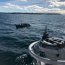 La Autoridad Marítima es la encargada de mantener la vigilancia de los recursos marinos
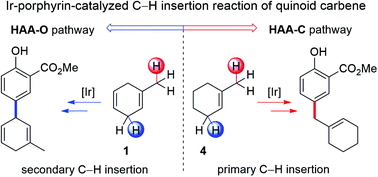 Graphical abstract: Computational insights into different regioselectivities in the Ir-porphyrin-catalyzed C–H insertion reaction of quinoid carbene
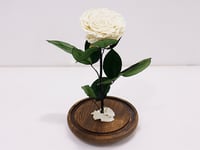 3616-284 - صورة 3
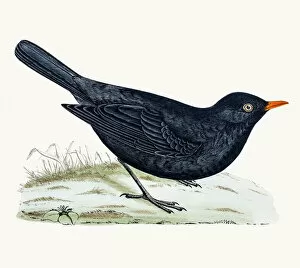 Related Images Gallery: Blackbird or True thrush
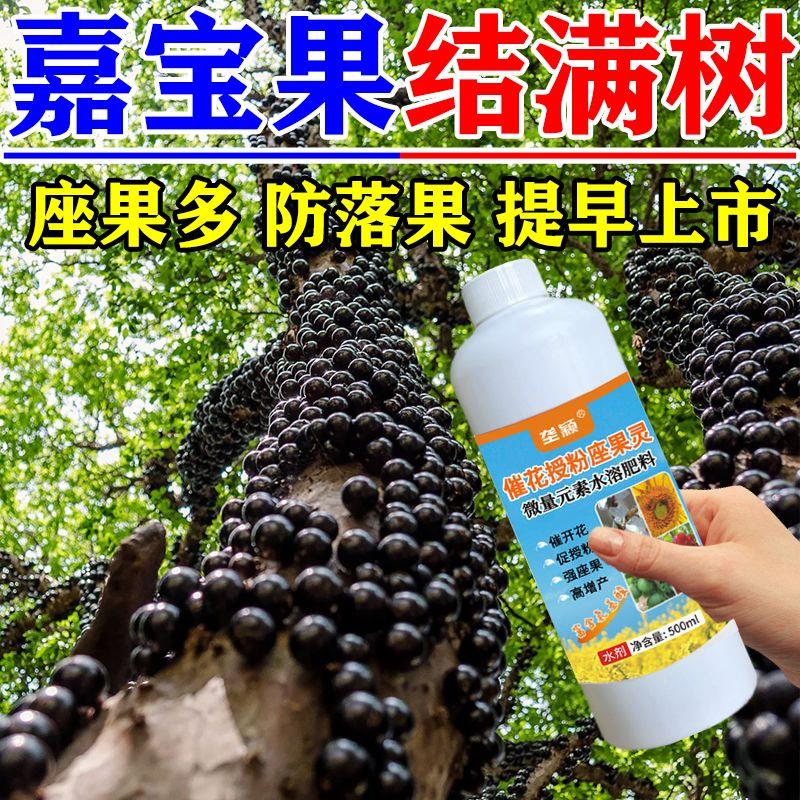 嘉宝果花保果液体肥高端
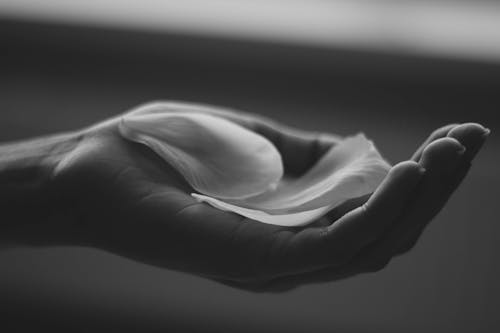 Free Grayscale Showing Flower Petals Stock Photo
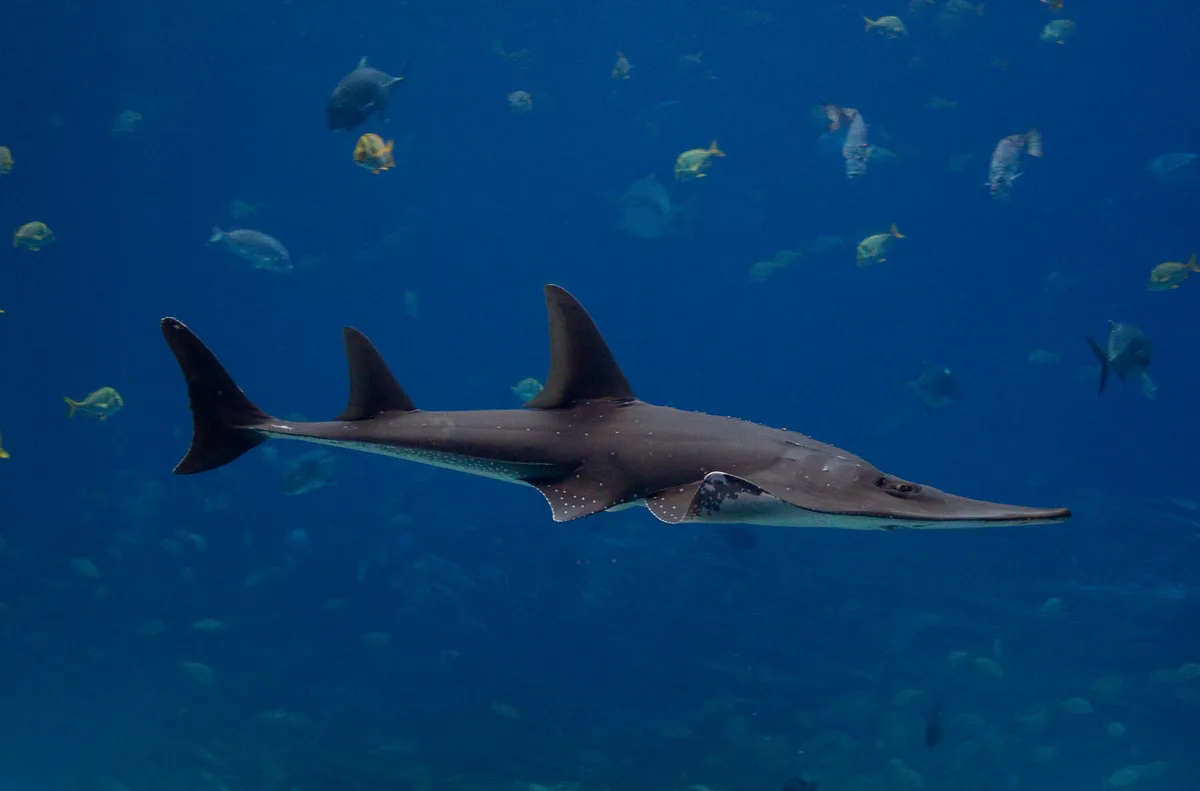 Giant guitarfish (Rhynchobatus djiddensis)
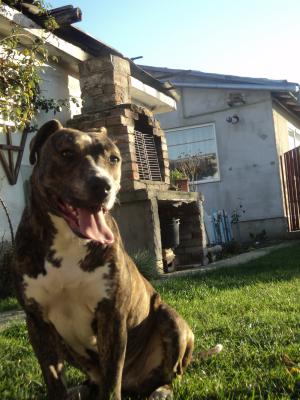 pui amstaff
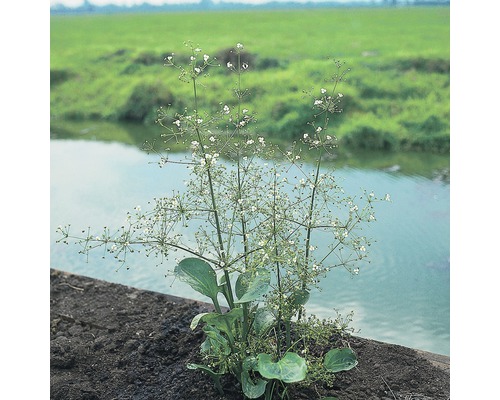 Rundblätriger Froschlöffel FloraSelf Alisma parviflora H 10-80 cm Co 3 L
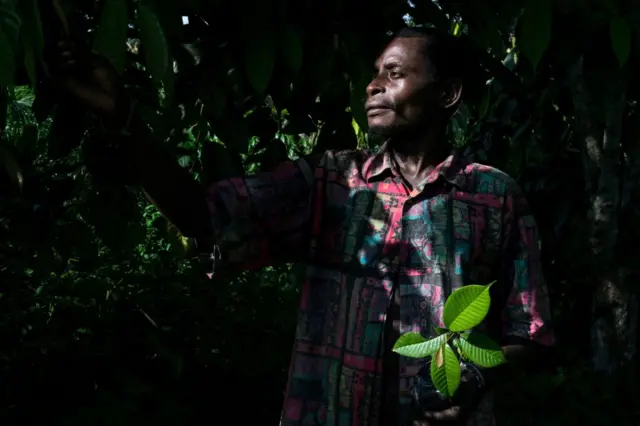 Bertin Bo, 37, a member of the Bagyeli Pygmy community poses behind his home with a tiny cocoa plant on May 26, 2017 in the Kribi region, grown thanks to the help of training received from a local NGO. There are as many as 75,000 indigenous Baka, Bagyeli, Bedzang and Bakola Pygmies people living in the rainforest areas of Cameroon.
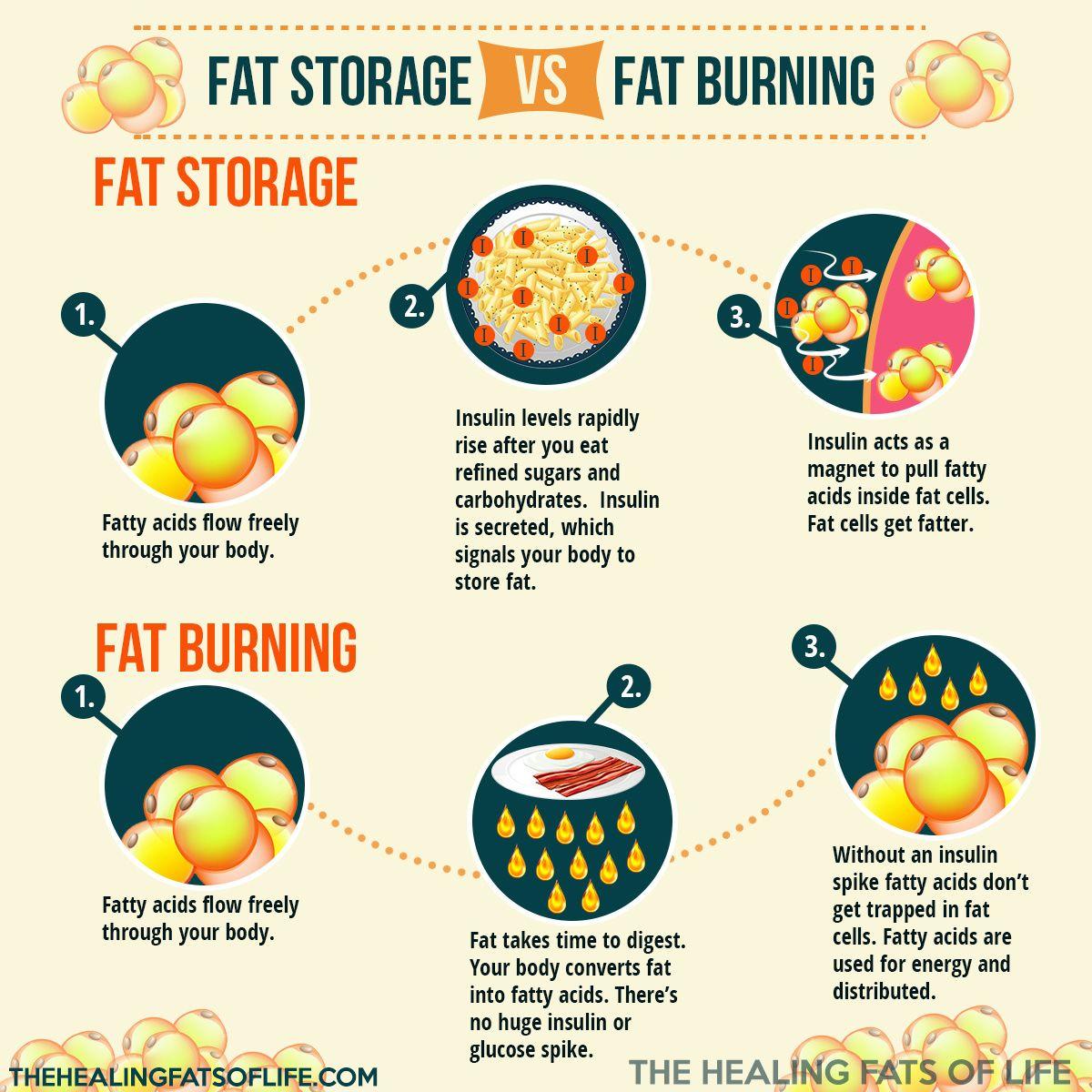 How to Melt Stored Fat: Lose 3kg in 7 Days with Dates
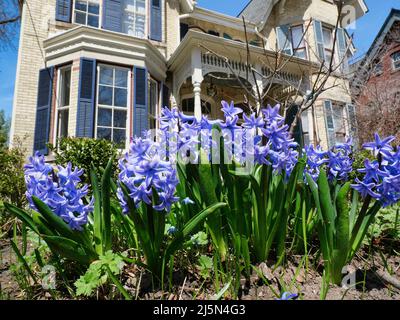 Scène printanière avec vue rapprochée de la jacinthe Banque D'Images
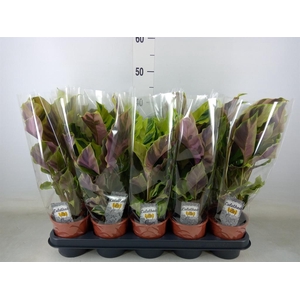 Calathea  'Fusion Yellow'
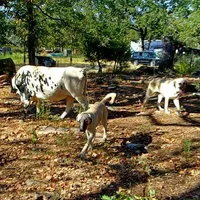 AKC- JEWEL, a female Anatolian Shepherd Dog for sale in Yellville, AR – Photo 8 of 10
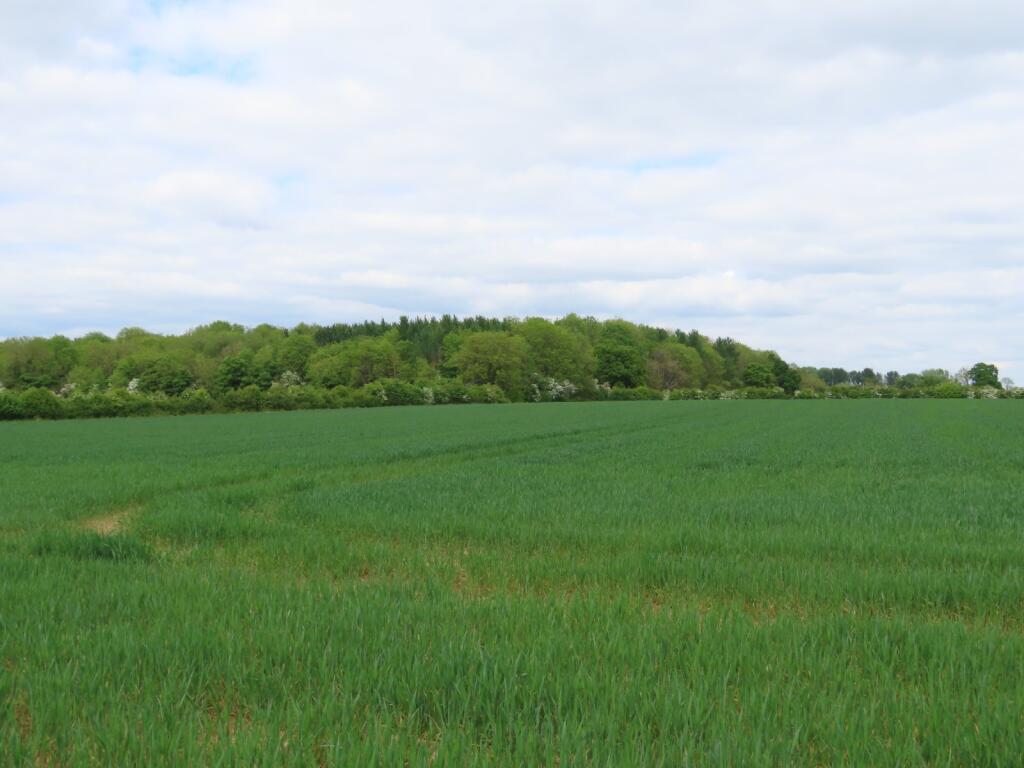 Main image of property: Land At Furzen Leaze Farm, Ewen, Cirencester, Gloucestershire, GL7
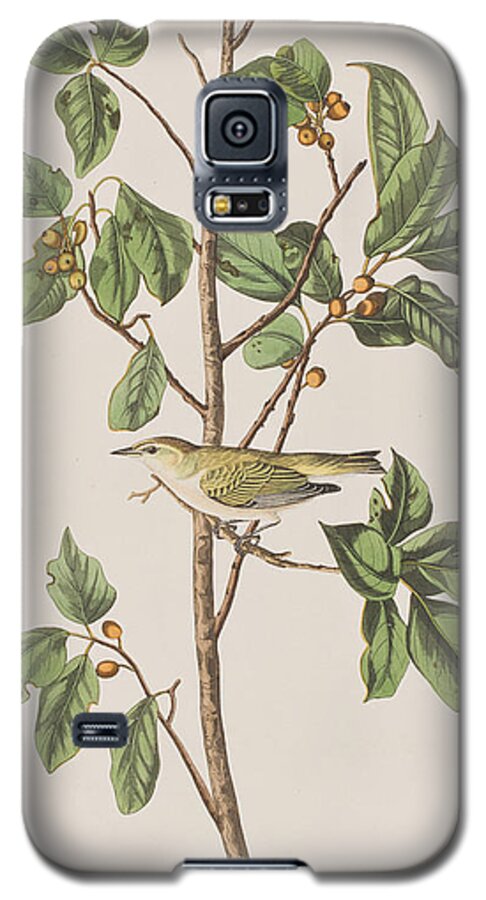 Tennessee Warbler Galaxy S5 Case featuring the painting Tennessee Warbler by John James Audubon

▶ [WHAT TO PRODUCE] The material above should be printed again exactly, with each picture left out.

▶ [WRITTEN SOLUTION]
 La Autoridad Marítima es la encargada de mantener la vigilancia de los recursos marinos
 Graphical abstract: Computational insights into different regioselectivities in the Ir-porphyrin-catalyzed C–H insertion reaction of quinoid carbene
 3616-284 - صورة 3
 Related Images Gallery: Blackbird or True thrush
 嘉宝果花保果液体肥高端
 Free Grayscale Showing Flower Petals Stock Photo
 Giant guitarfish (Rhynchobatus djiddensis)
 pui amstaff
 Rundblätriger Froschlöffel FloraSelf Alisma parviflora H 10-80 cm Co 3 L
 Bertin Bo, 37, a member of the Bagyeli Pygmy community poses behind his home with a tiny cocoa plant on May 26, 2017 in the Kribi region, grown thanks to the help of training received from a local NGO. There are as many as 75,000 indigenous Baka, Bagyeli, Bedzang and Bakola Pygmies people living in the rainforest areas of Cameroon.
 How to Melt Stored Fat: Lose 3kg in 7 Days with Dates
 Scène printanière avec vue rapprochée de la jacinthe Banque D'Images
 Calathea  'Fusion Yellow'
 AKC- JEWEL, a female Anatolian Shepherd Dog for sale in Yellville, AR – Photo 8 of 10
 Main image of property: Land At Furzen Leaze Farm, Ewen, Cirencester, Gloucestershire, GL7
 Tennessee Warbler Galaxy S5 Case featuring the painting Tennessee Warbler by John James Audubon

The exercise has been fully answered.